February 11, 2013 by Katia
So the guy I married is more into WWII than pop culture. Whenever I want to practice my rights as a woman on mat leave and switch Netflix on, I am greeted with the face of Hitler, as part of the 10 shows Netflix thinks 36 Year Old would enjoy. Netflix is right. 36 Year Old would much rather watch Hitler than the Grammys. Last night he sat through the Grammys with me. Is Valentine’s day in the air or what? Here are his observations. My commentary is bolded. Who did you watch the Grammys with?
- Hey, it’s that guy. From The Office. (Me: No.) The British Office. That disgusting guy. (Me: No.) – Blake Shelton cheers for Kelly Clarkson. He is not very good with faces, names or body types.
- Hey, it’s that guy. The one that’s married to the Australian actress. The one I used to love. – Keith Urban presents an award. The pop culture neglect runs very deep, you guys.
- Me: I should get that haircut. 36 Year Old: You should get that dress. – Alicia Keys and Adam Levine perform. Who gets Adam Levine?
- (Preview of what’s coming up comes on) These performances are pre-recorded. (Me: No.) Mom?
- Who is Bruno Mars?
- U2, Red Hot Chilly Peppers, Black Eyed Peas, Kylie Minogue, Snoop Dog. I haven’t seen any of them! (Me: is this a list of all the artists that you know?) Him (confidently): It’s the ones I know that are active! Without commentary.

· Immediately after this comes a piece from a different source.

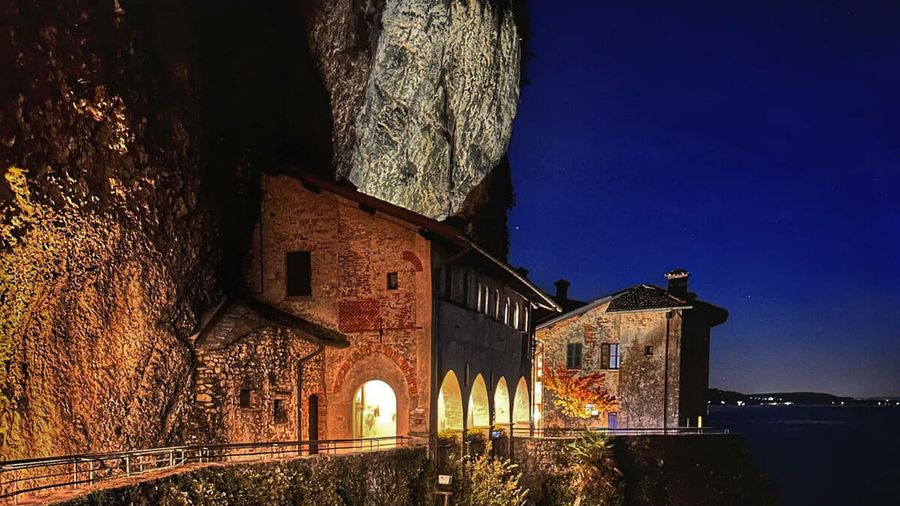 Musica e spiritualità all'Eremo di Santa Caterina: cinque concerti tra Medioevo e Bach sul Lago Maggiore Musica e spiritualità all'Eremo di Santa Caterina: cinque concerti tra Medioevo e Bach sul Lago Maggiore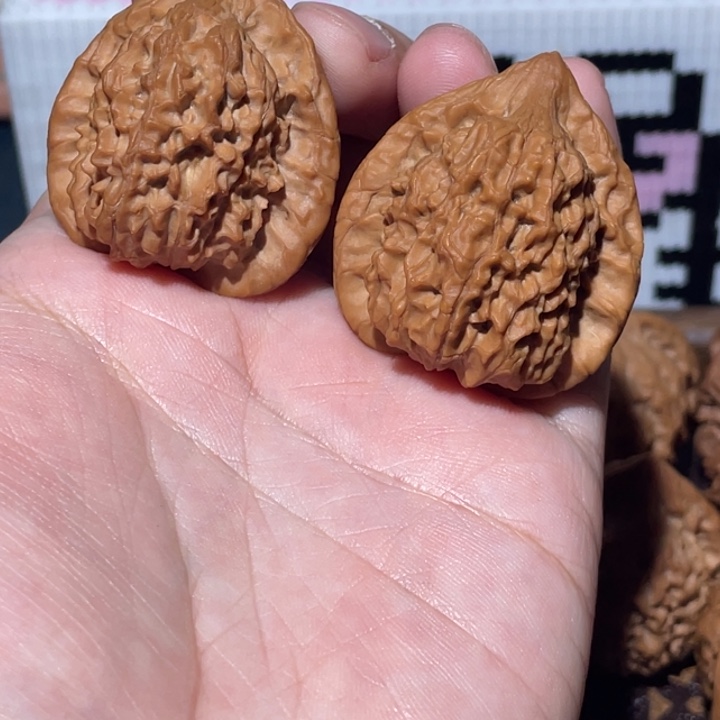 文玩核桃吊坠朱雀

- This guy was in the Hobbit – Someone with a beard cheering for someone. True story.
- It’s the guy from Doogie Houser! – Hunter Hayes, nominee for Best Country Album. No, but Neil Patrick Harris is there and we just had a long and fulfilling conversation about his life and career, in that particular order earlier, so this is even worse than I thought.
- Who is that? Isn’t it that actor who used to be married to Katy Perry? – Rihanna performs with Mikky Ekko. OK, we can’t entirely blame him for that one.
- I remember this one. Where do I remember her from? She was in a series. 90210? (I’m thinking, Brenda? OK, I can see that) She played a Jewish girl. - Kat Dennings presents – Help, he’s gone retro.
- (Jack White clip comes on) It’s Johnny Depp! Are they also giving out awards for movies? I give up.
- (Lay’s commercial comes on) Oh look, it’s that actor! (Me: Martin Short) I love him, I think he’s so funny. Where did we see him? (Me: Damages). Oh look, it’s that Canadian actor, what’s his name? (Me: Martin Short). Oh, that’s him again? I thought it was that guy from Wayne’s World. I also give up.
- Bublé! – Justin Timberlake on stage but WOW, he knows Michael Bublé!
- (He now knows that I’m writing down what he’s saying. Commercial break, Grammys return and I put the computer away and tell him to act natural.) But now I’ll be trying to come up with those things. That’s even worse. (Me: No).